England face Iran, USA and Wales in the 2022 World Cup group stage in Qatar
England will face Iran next Monday. Four days later, it’s the United States. Southgate will spend this week telling their players and the public that there are no easy games, but they will know that a good start – an early goal-looting against modest opposition – could give confidence, momentum and the belief that English football lacked everything. year. And that can change things.
World Cups are short tournaments, but a lot can happen to a team within a team. For example, Spain lost their first match of the 2010 version against Switzerland in South Africa and won the tournament.
The 1982 World Cup is best remembered for Italy’s 3-2 victory over Brazil in the second group stage and the exploits of the late Paolo Rossi, who helped his country win the trophy with six goals.
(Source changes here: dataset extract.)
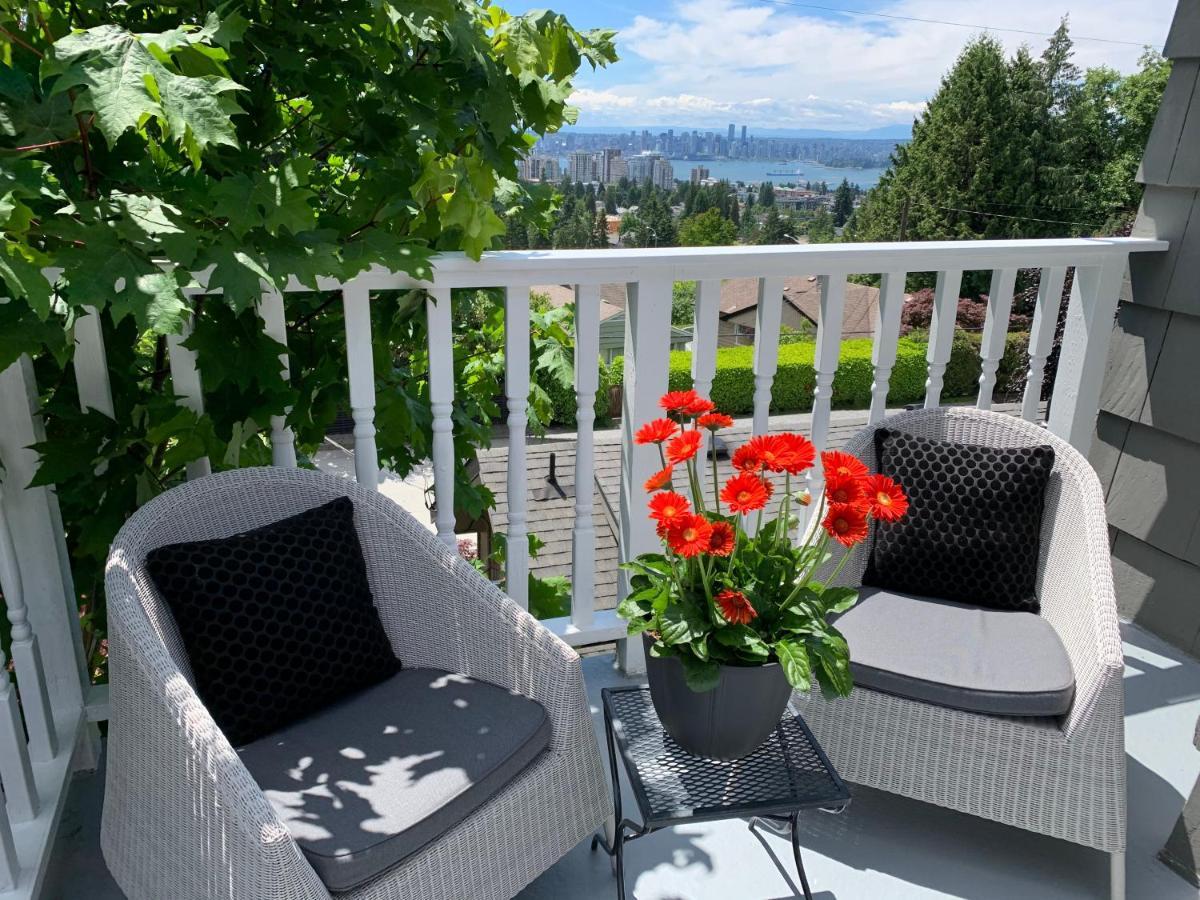 Crystal'S View Bed & Breakfast นอร์ทแวนคูเวอร์ ภายนอก รูปภาพ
What is less well remembered is that Italy did not win a single match in the first group (they drew against Poland, Peru and Cameroon) and that Rossi did not score his first goal until his hat-trick against Brazil in what was his fifth game of the competition.
It will take something to give England such a spark in Qatar, that’s for sure. It’s hard to say they’re better than they were at the Euros, where they relied on defensive solidity – Pickford conceding no goals ahead of the semi-final against Denmark – which could prove beyond them this time around.
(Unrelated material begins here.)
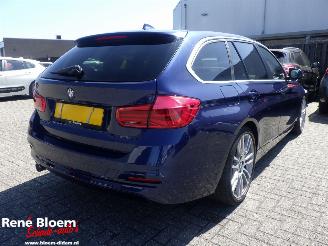 skadebil auto BMW 3-serie Touring 318d High Executive Automaat 2017/4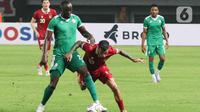 Beberapa kali aksi timnas Indonesia mampu menembus pertahanan Burundi. (Liputan6.com/Herman Zakharia)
Pickford is a better player than he was 18 months ago, but is probably the only member of the England defense to be.
Southgate have been denied the use of their top two full-backs Reece James and Ben Chilwell through injury while Maguire, John Stones and recall Eric Dier cannot state what kind of form they would have liked to have before the one of the biggest months. of their sporting life.
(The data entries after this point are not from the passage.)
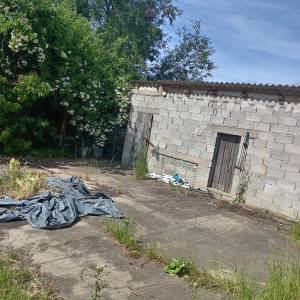Prodaja kuče u zbjegu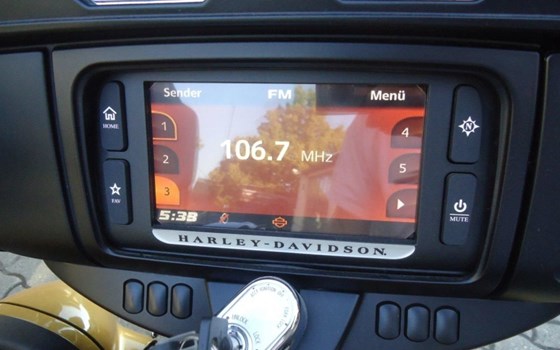 Gebrauchtmotorrad Harley-Davidson Tri Glide Ultra Classic FLHTCUTG - Bild 2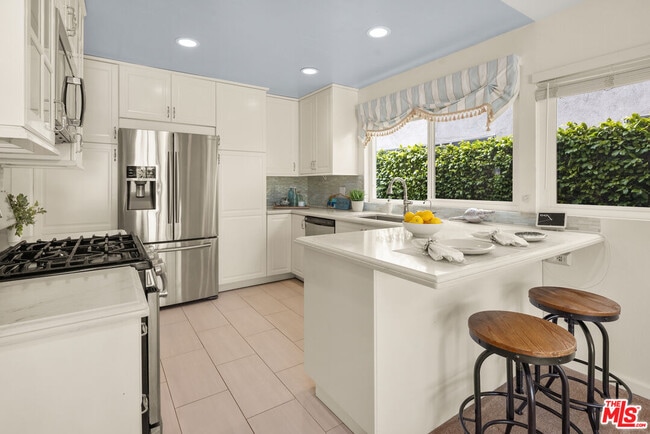 Primary Photo - 12581 Sanford St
England have lost two key Chelsea full-backs Reece James (pictured) and Ben Chilwell to injury
Southgate has traditionally used a three-man defensive formation against top sides, but it wouldn’t be surprising to see him do so throughout this World Cup.
There’s nothing tactically sophisticated about it. The 52-year-old just knows he has to put some protection around Maguire, that he doesn’t have a centre-half he can rely on. It’s a sobering thought at such a time, but it’s the reality and Southgate has always been the most pragmatic of managers.
Southgate himself has found himself under pressure recently. The review, he deserves it. To be booed off the pitch by a section of England’s roving support following the loss to Italy in Milan in September, he certainly didn’t.
As for his future, he has repeatedly said in recent weeks that he is preparing to stay after Doha. He has a contract that runs until after the summer Euro 2024 in Germany and would like to complete it.
Whether he will be given that opportunity will depend on what happens in Qatar. The reality is that a finish in the Round of 16 would be representative of England’s situation.
There are several more beautiful teams in the tournament. Brazil, Spain, France and Belgium are certainly four. Germany are probably another as even a side like Denmark, who sailed through qualifying unscathed until a final dead rubber game, would like a chance against England on neutral ground.
Realism gives no respite to a coach at a World Cup, of course. Especially if he’s English. For many, an exit from the last eight would represent Southgate’s worst tournament result in three and therefore would not be enough.
Fortunately, there was no drama or controversy in the short time between the stoppage of domestic play and when the England plane took off yesterday. Cristiano Ronaldo took up most of the space on the front and back pages and Southgate will thank him for that.
Southgate landed at Hamad International Airport in Doha around tea time. He has with him a group of committed and seasoned players. England is good tourists these days and won’t be a breeze for anyone.
Of course, they will have to prove themselves much more than that from now on.